Desde la posición de la izquierda española se ha tornado extremadamente sencillo arremeter contra la tauromaquia y sacar brillo de la supuesta superioridad moral arrogada por ellos mismos. No han tenido más que diseñar una estrategia dialéctica propicia del tablero inclinado de la política española, presentando un debate dicotómico e impermeable a los matices. Toros sí o no, marque su casilla. Sin espacio para la reflexión ni la duda. Así lo ha querido plantear la izquierda, y, mal que me pese, lo ha logrado. El binarismo propio de dicho planteamiento ha conllevado a un debate zafio, falto de argumentos y conducido únicamente por la inercia política.
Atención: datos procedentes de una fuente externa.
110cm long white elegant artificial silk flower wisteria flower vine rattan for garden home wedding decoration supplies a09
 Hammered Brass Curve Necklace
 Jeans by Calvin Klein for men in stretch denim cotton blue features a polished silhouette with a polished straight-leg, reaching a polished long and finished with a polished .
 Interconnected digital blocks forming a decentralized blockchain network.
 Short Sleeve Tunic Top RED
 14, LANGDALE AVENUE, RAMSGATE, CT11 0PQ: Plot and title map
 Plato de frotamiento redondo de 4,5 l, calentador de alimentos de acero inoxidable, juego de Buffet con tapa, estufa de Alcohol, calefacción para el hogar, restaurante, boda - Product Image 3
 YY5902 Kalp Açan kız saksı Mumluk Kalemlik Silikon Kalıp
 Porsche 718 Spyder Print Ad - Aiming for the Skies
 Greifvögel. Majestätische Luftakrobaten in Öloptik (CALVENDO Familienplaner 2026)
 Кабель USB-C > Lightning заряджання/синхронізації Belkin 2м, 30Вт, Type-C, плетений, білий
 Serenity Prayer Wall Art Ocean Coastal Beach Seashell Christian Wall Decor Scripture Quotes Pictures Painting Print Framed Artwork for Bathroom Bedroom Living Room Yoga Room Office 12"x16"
Por supuesto que hay que defender la tauromaquia, pero de manera inteligente. Sobre todo, hay que protegerla de la prohibición como fenómeno paternalista. De la prohibición como látigo corrector de la cultura, tradiciones y arte considerados cavernarios y retrógrados por un grupo de burócratas amantes de la intromisión e injerencia política.
Debemos defender los toros como expresión máxima de la libertad. Debemos defender la tauromaquia como arte vanguardista en esta sociedad de algodones. Debemos defender la transgresión del capote.